What the task requires: Take the listing below and write it out again exactly, skipping any picture that it holds.

Provided data:

● ● ● ●

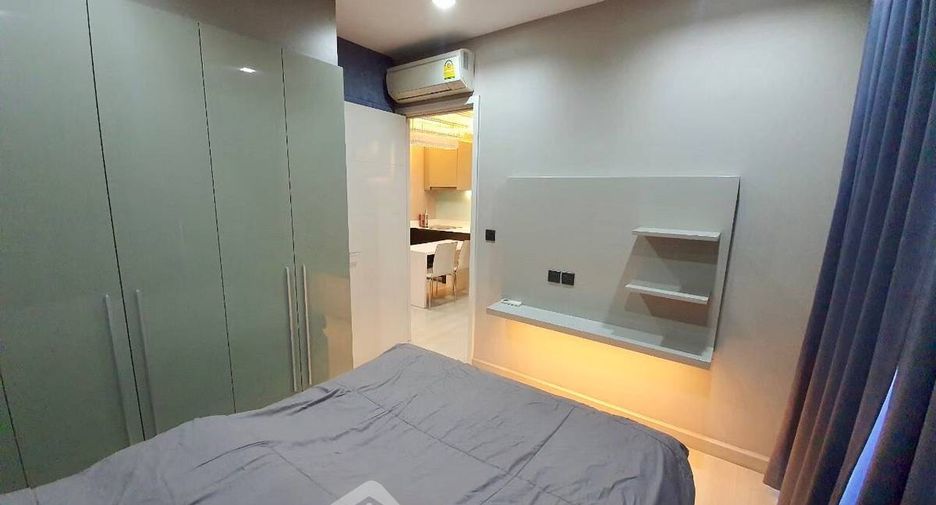 For sale 2 bedrooms condo in Phaya Thai, Bangkok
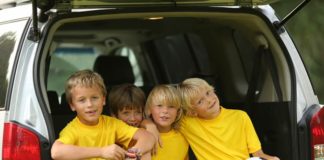 Siguranța în Mașină și Autobuz siguranta in masina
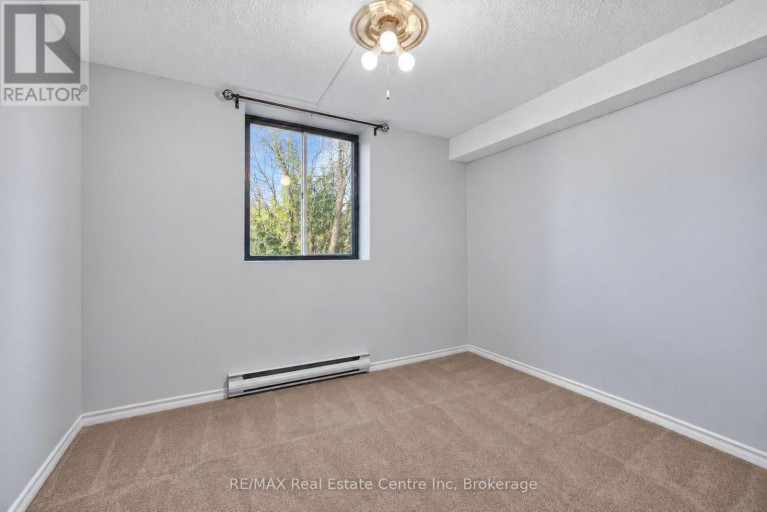 103 - 93 WESTWOOD ROAD, Guelph (Willow West/Sugarbush/West Acres), Ontario, N1H7J7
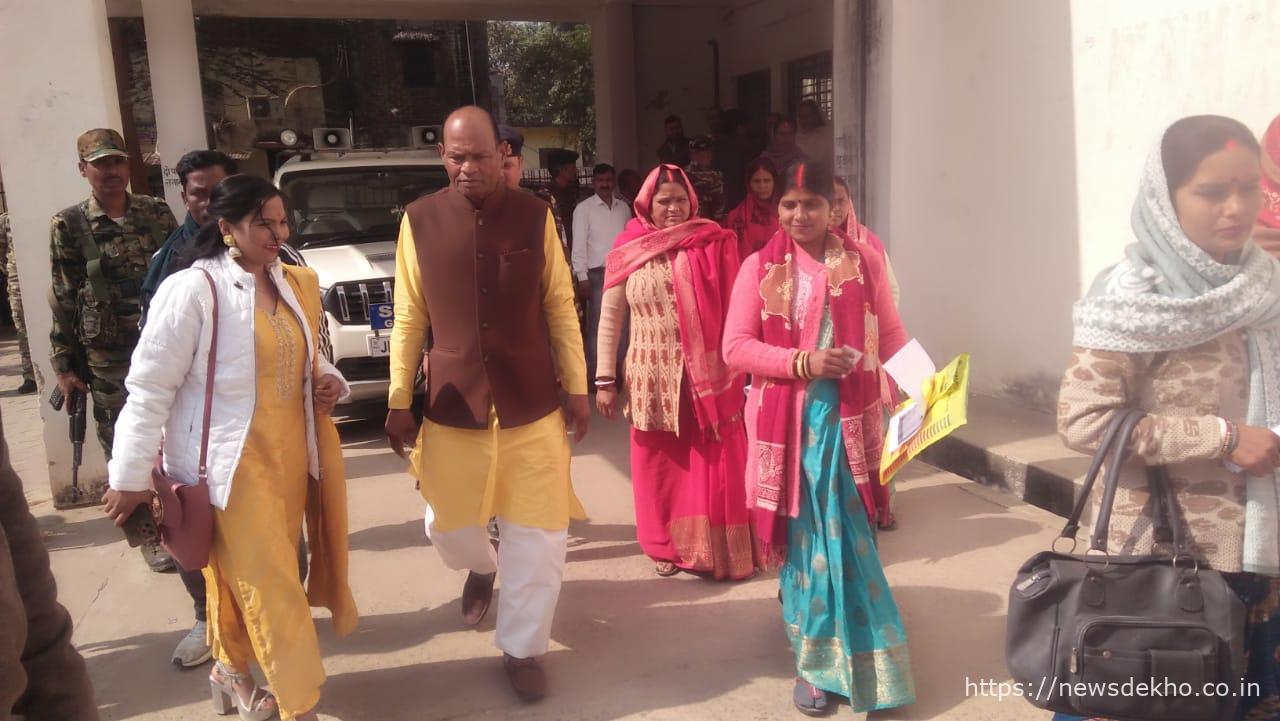 गढ़वा: कांडी प्रखंड प्रमुख के खिलाफ 18-0 से अविश्वास प्रस्ताव पारित, पद से अपदस्थ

● ● ● ●

Response to the task:
 For sale 2 bedrooms condo in Phaya Thai, Bangkok
 Siguranța în Mașină și Autobuz siguranta in masina
 103 - 93 WESTWOOD ROAD, Guelph (Willow West/Sugarbush/West Acres), Ontario, N1H7J7
 गढ़वा: कांडी प्रखंड प्रमुख के खिलाफ 18-0 से अविश्वास प्रस्ताव पारित, पद से अपदस्थ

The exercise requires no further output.